US Investors, Tourists Could Benefit From 'Cheap' Mexican Peso
MEXICO CITY — The value of the Mexican peso is continuing to slide against the American dollar, which be good news for American tourists, importers and investors.
In one Mexican bank — BBVA Bancomer — the currency crossed a major psychological barrier Monday: 20 pesos per dollar. That’s only one bank, but it’s a benchmark.
Juan Carlos Orozco, head financial analyst with Mexico’s Grupo Reforma, says that the price of the peso nowadays is impacted by the price of oil. But, he said the recent surge is due largely to expectations from a Fed meeting scheduled for Wednesday.

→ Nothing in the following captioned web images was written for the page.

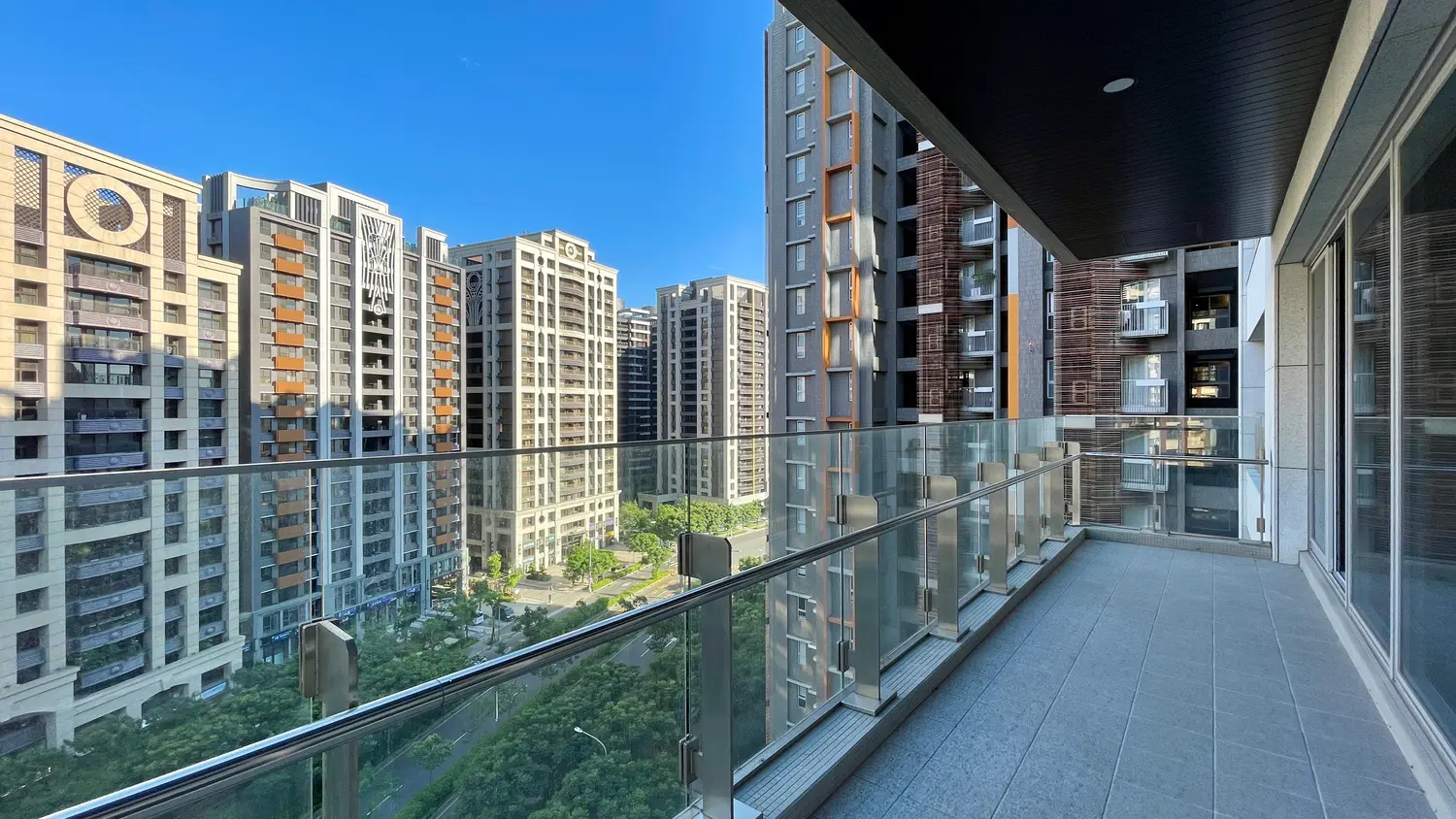 Office for rent in Zhongli District, Taoyuan City | NT$ 90 000 | 54 ping slide 11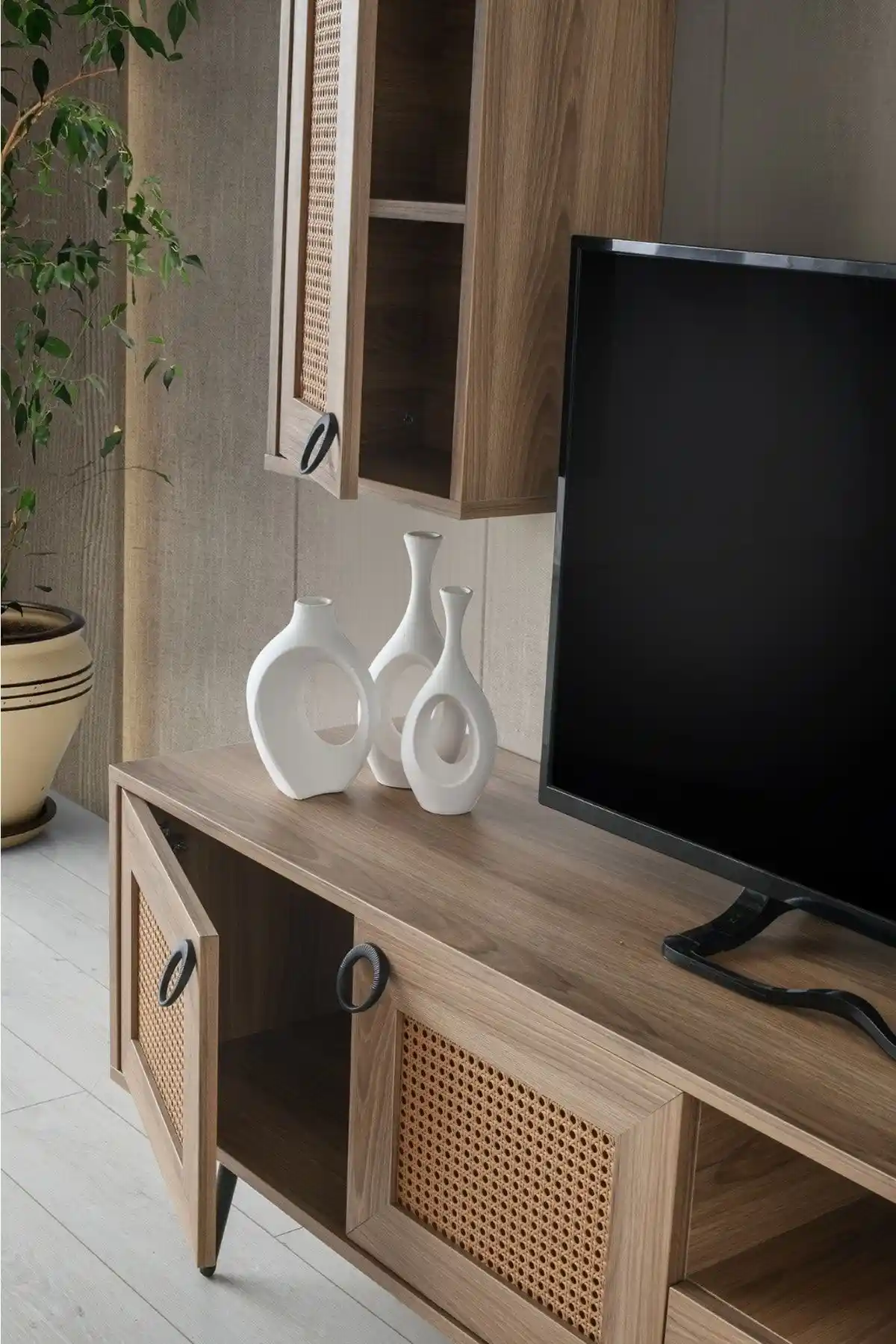 Hasır TV Ünitesi ile Doğal ve Şık Dekorasyon Çözümleri 2023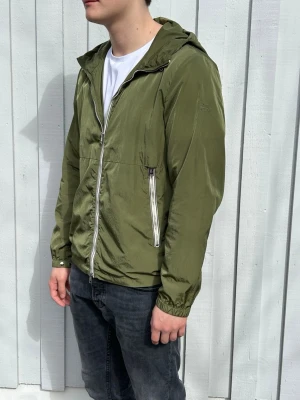 Windbreaker från Woolrich - Windbreaker från Whoolrich, Storlek L, bra passform och skicket är som nytt. Köporder/kvitto finns. Modellen säljs inte längre. Pris kan diskuteras!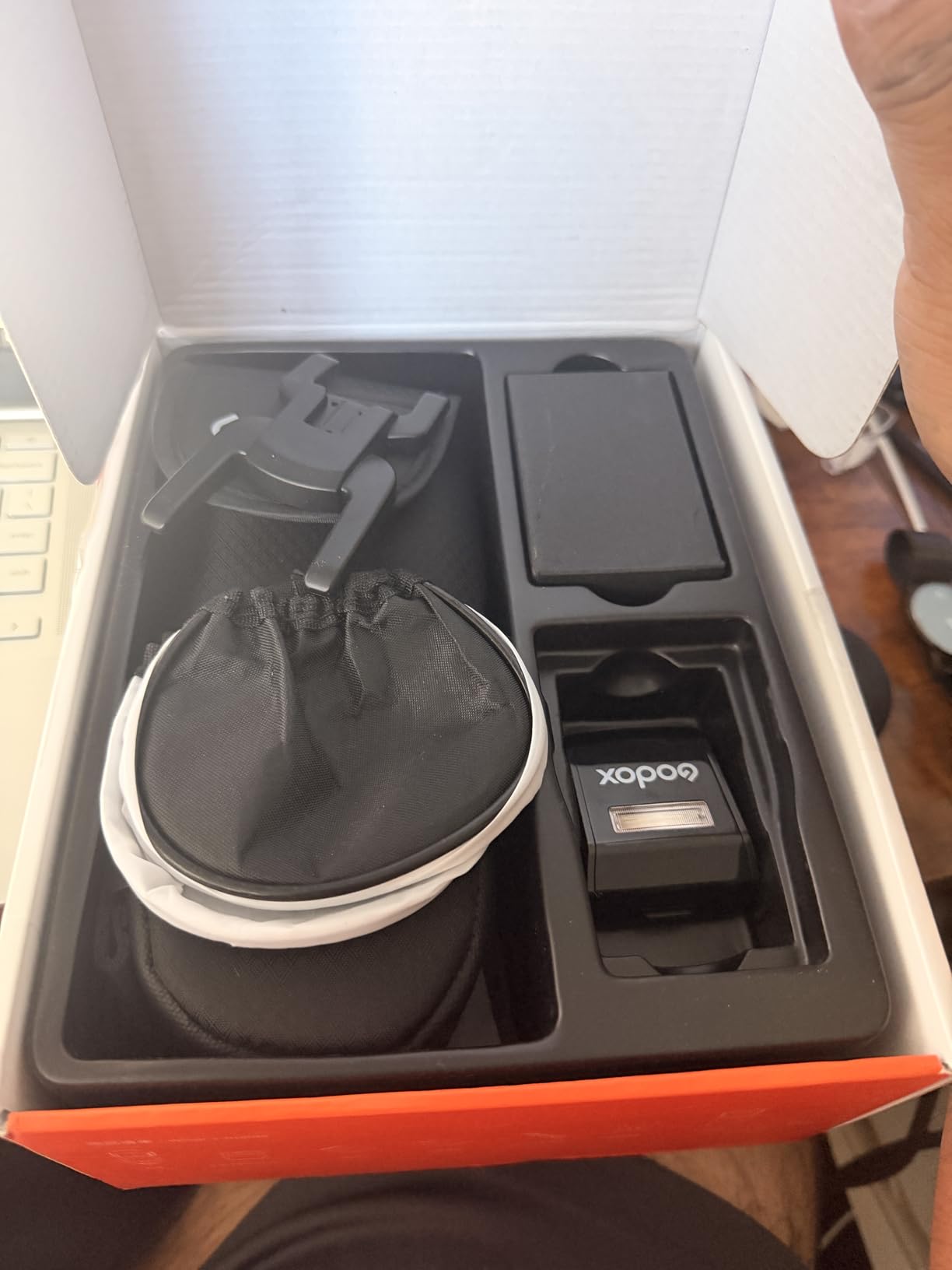 GODOX V100C USA Flash V100-C U 100W Round Head Touch Screen Flash for Canon, 2.4G Wireless with External Flashes and Global Shutter Flashes Sync 1/80000s, Built-in Li-ion Battery (USA Version) customer photo 1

Many economists expect the Fed to meet this week and raise its interest rates, Orozco said. This means investors could have an incentive to move their money from Mexico to the United States.
“The typical way to think about this situation is that the dollars [from the investors] will go back to the Unites States,” Orozco said.
And although the Mexican peso is volatile, it is also strong compared to other currencies. In fact, it’s the second most traded currency in emerging markets, after the Chinese Yuan, explains Leticia Armenta, an economics professor at Monterrey Tech University in Mexico City.
“At the end of the day, the Mexican peso has huge acceptance in the world for trade,” Armenta said. “It is commonly used to triangulate operations in other markets; not necessarily in Mexico.”
And as the peso is getting cheaper, the price of Mexican goods and services is relatively stable since the Central Bank of Mexico has restrained the inflation.
In general, this means that, as prices in Mexico stay almost untouched, the dollar gains a stronger buying power. So this is most likely a good moment for American tourists, importers and investors.